The Wayback Machine, Friend or Foe?
ShaunC asks: "As the webmaster of numerous sites, I'm curious how others feel about the Wayback Machine. What particularly interests me is the fact that the Machine is a relatively new animal, yet it contains snapshots from my sites dating back to 1998. I can't help but wonder: where did they get such old copies of my websites, and who gave them permission to make those copies? I certainly didn't provide either. Perhaps I'm too much of a purist, but I've always seen the internet as an ever-changing medium, not a permanent one. Archives have bothered me ever since the fledgling days of DejaNews." This site last made an appearance on Slashdot, earlier this year. Internet archival sites are right smack in the crosshairs
of copyright, but they are useful. Anyone who has ever used Google's cache (and there are plenty of those links on Slashdot) can attest to this. Of course, the issue that may bug many content providers is how to opt-out of such services, since some see it as a copyright violation. Is it possible to balance the issues of copyright and history, or will these two Internet resources find themselves in legal trouble in the future?
"The way I see it, archives are much like SPAM; I never opted in, why should it be my responsibility to opt out? I manage a number of domains and the process of refining robots.txt files and submitting myself to the Wayback Machine for removal seems to be intrusive. Worse, domains I've abandoned (which have lapsed or been re-registered by someone else) are forever archived in the Machine and I have no way to exclude them. Why should I have to deliberately remove my copyrighted material from an archive which was never granted permission to replicate that material in the first place?"
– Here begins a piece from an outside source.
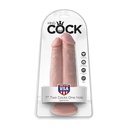 DILDO KING COCK 7&quot; TWO COCKS ONE HOLE FLEXIBLE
I had recently placed a restricted robots.txt file on my site and when trying to access any of the past revisions, I get a message saying that the owner has restricted access to the site via robots.txt. They seem to have that aspect under control.
.... and wayback is sponsored, amongst others, by the library of congress. The archive itself a 501(c)(3) public nonprofit. See 17 U.S.C. SECTION 108(a)(3) for more information.
:)
Strange that such a complaint would appear within a group expousing that "information wants to be free."
Yes it does, and how. In fact, immediately upon reading this story, I went to the Wayback Machine and checked out my personal website archive. There it was, material dating back to 1996 ("Oh God, no, not the digging man GIF!"). I made a new robots.txt file:
/
User-agent: *
Disallow:
# BITE ME WAYBACK MACHINE
... uploaded it, went back to the Wayback Machine, and got:
Robots.txt Query Exclusion.
We're sorry, access to [site] has been blocked by the site owner via robots.txt.
Read more about robots.txt
See the site's robots.txt file.
Try another request or click here to search for all pages on [site]
So, yeah, they seem to check the site for the most current robots.txt file before they show the archive. And if the robots.txt disallows archiving the site, ALL the entries are marked unavailable, not just the current ones.
So, it's pretty easy to solve the problem of the Wayback Machine -- and probably without going balls-out with the "disallow everything everywhere" like I did.